First, you need an infinite output for a noncomputable real; any
finite string is of course computable.  So it seems a bit dicey to
assert that there is an experiment which could determine this, or that
a physical machine can calculate a noncomputable real, since
presumably that would mean it would have to output an infinite number
of digits.

But suppose we go down the rabbit hole and allow machines to go on
forever, etc. etc.  Still you don't need Church's thesis false to set
up your experiment, as we can "calculate" physically a definable but
noncomputable real number even if Church's Thesis is still true.
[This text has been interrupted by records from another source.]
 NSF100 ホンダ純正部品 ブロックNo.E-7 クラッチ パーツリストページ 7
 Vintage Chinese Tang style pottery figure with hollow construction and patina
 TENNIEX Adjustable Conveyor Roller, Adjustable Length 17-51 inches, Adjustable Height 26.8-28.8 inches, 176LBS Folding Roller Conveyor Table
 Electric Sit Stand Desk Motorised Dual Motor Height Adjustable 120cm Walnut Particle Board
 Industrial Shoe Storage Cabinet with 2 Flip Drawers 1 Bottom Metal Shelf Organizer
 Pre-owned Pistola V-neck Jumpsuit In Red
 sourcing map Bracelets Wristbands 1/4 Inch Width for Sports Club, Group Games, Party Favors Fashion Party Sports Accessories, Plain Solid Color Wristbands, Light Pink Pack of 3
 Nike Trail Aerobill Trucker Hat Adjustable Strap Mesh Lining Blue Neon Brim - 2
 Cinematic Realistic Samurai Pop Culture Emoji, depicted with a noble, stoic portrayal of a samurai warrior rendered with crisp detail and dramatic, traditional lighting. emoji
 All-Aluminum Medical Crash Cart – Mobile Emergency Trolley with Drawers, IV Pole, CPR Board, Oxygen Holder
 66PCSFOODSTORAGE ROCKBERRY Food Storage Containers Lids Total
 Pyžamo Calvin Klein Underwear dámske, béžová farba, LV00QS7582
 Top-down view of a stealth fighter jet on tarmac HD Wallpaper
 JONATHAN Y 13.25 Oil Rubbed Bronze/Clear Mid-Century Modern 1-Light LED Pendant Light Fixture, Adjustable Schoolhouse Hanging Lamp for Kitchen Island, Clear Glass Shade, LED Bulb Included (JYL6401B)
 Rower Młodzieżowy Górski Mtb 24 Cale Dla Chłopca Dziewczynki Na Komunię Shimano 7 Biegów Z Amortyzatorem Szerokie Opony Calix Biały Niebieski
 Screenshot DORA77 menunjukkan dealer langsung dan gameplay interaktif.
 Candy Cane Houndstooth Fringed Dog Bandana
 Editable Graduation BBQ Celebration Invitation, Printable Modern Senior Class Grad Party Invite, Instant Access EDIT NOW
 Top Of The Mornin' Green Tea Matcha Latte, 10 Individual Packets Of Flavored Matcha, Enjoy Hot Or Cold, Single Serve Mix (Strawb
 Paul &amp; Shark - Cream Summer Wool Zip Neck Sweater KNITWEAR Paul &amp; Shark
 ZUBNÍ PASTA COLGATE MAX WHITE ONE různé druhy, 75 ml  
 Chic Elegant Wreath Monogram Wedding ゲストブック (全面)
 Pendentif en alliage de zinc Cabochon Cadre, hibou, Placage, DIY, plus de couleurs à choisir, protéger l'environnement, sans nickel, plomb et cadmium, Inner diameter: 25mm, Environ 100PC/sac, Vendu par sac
Consider two ("real") finite-state machines which communicate with
each other.  The first machine alternates between states q0 and q1, as
does the second.  In state q0 the first machine communicates with the
second and determines what state it is in.  In state q1 it outputs i
if the second machine was in state qi.  Suppose further that the first
machine takes exactly r1 time units to complete every step, and the
second exactly r2 time units.  It is clear that what the first machine
outputs will depend on their respective operating speeds, and indeed
depend on the ratio r1/r2.  For instance, if r1/r2 = 1, then the
sequence will be all 0's.  And if r1/r2 = 0.5--i.e. the first machine
is exactly twice as fast as the second machine--then the sequence will
alternate 0's and 1's. If one allows all reals as ratios (and I guess
we can suppose this, since we're down the rabbit hole), then it is
easy to see that a non-computable sequence can be outputted.  Does
this imply that Church's Thesis--that every (intuitively) effective
procedure is Turing computable--is false?  Of course not!  The
procedure being used is not an effective procedure:  it depends on a
quantity r1/r2 which is not effectively determined.